Hace 8 años atrás, en medio de la campaña política que catapultó a Dilma Rousseffa convertirse en la primera mujer presidenta de Brasil, publiqué en este mismo espacio una columna laudatoria de lo que hasta entonces se percibía como el milagro económico brasileño bajo la gestión de su antecesor Luiz Inácio Lula da Silva y su Partido dos Trabalhadores (consúltese columna “Se busca un Lula da Silva” 15 de octubre de 2010 reproducida en las páginas 232-33 de mi libro “En la encrucijada: pensamientos y reflexiones (Ediciones Callejón, 2015).

El Brasil de octubre de 2010 era uno que se proyectaba ante el mundo de forma sumamente positiva: líder de los países en desarrollo (junto a Rusia, India, China y Sudáfrica), beneficiario de una tasa anual de crecimiento económico de más del 10% y de índices de desempleo y desigualdad cada vez menores.

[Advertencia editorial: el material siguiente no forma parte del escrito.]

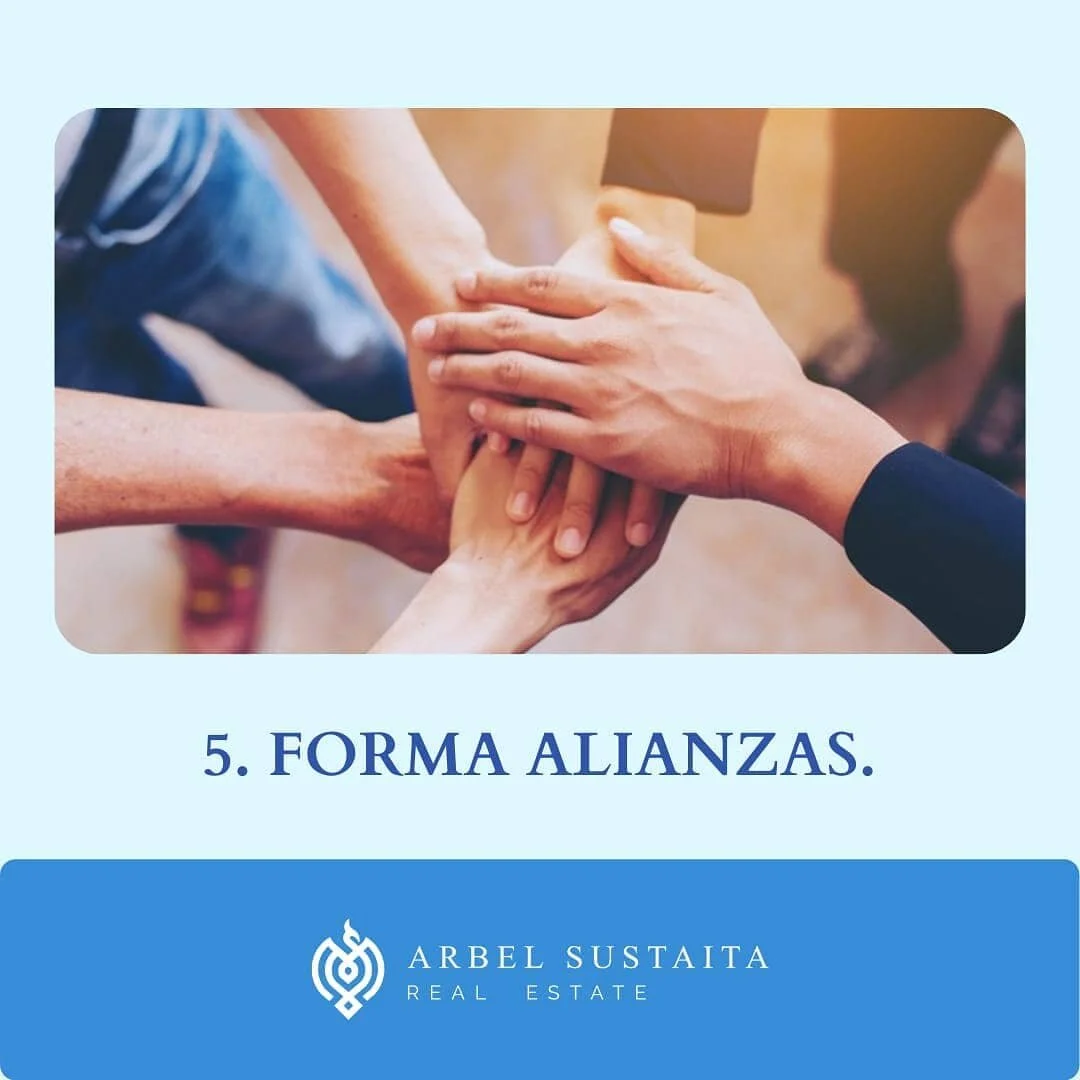 "Una alianza es clave pata triunfar ya que para sobrevivir en el mundo de los negocios es necesario qúe formules un pensamiento de innovación esta visión es más sencilla de llevarla a cabo con aliados 
estratég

Durante el periodo que va de 2002 a 2010 se llegó a estimar en sobre 20 millones la cantidad de brasileños que de forma exitosa habían transitado de la más abyecta pobreza e indefensión al mercado laboral.

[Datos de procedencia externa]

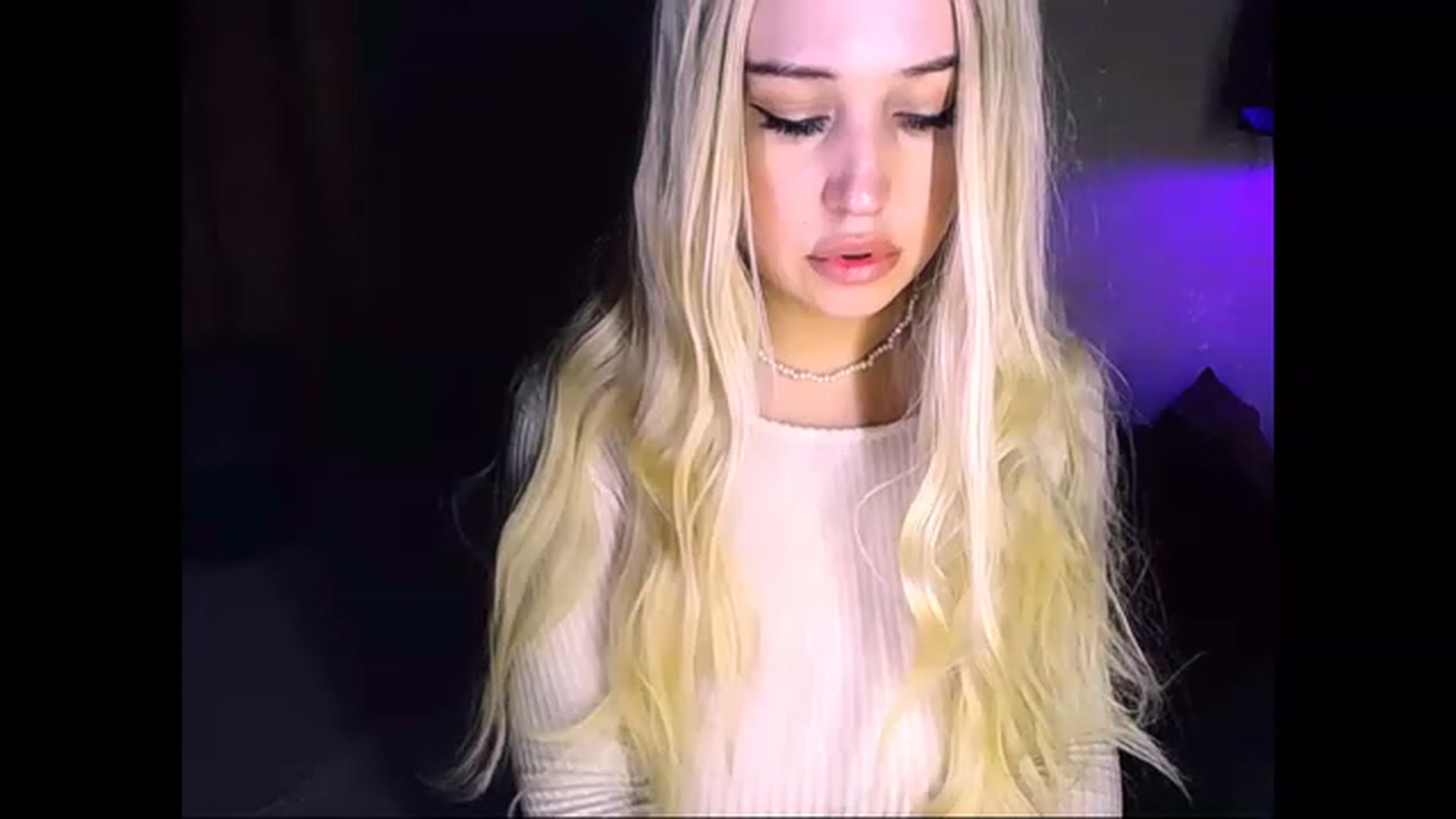 Gallery image thumbnail from Shy_Girll_'s myfreecams stream on, 11/22/2022, 12:38 image 2 of 20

Tan conmovedora era la narrativa brasileña de entonces, que pronto la figura de Lula rebasó las fronteras de Brasil, y de los movimientos socialdemócratas regionales, para adquirir dimensiones de líder global – referente obligado de sus pares en la América Latina, el Caribe, Asia, África y el resto del mundo en desarrollo.

¿Y qué pasó con el milagro brasileño?

Implosionó.

¿Y por qué?

Por lo de siempre: la corrupción, la politiquería y la podredumbre moral que carcome las entrañas de los partidos políticos enquistados ilimitadamente en el poder.

¿Y dónde está Lula?

Preso en una oscura cárcel en la ciudad de Curitiba.

¿Y qué pasó con Dilma?

Fue destituida de la presidencia en 2016.

¿Y qué fue de Brasil en las elecciones de 2018?

Cayó en manos de un loco de nombre Jair Messias Bolsonaro.

¿Loco?

Efectivamente.

¿Por qué?

Veamos.

Sobre los homosexuales ha dicho Bolsonaro: “sería incapaz de amar a un hijo homosexual, prefiero que un hijo mío muera en un accidente a que aparezca con un bigotudo por ahí”.

Ya Bolsonaro había advertido: “no voy a combatir ni discriminar, pero si veo a dos hombres besándose en la calle los voy a golpear”.

El flamante presidente electo de Brasil acto seguido disparó: “el 90% de los hijos adoptados por parejas de un mismo sexo van a ser homosexuales y se van a prostituir, con toda seguridad”.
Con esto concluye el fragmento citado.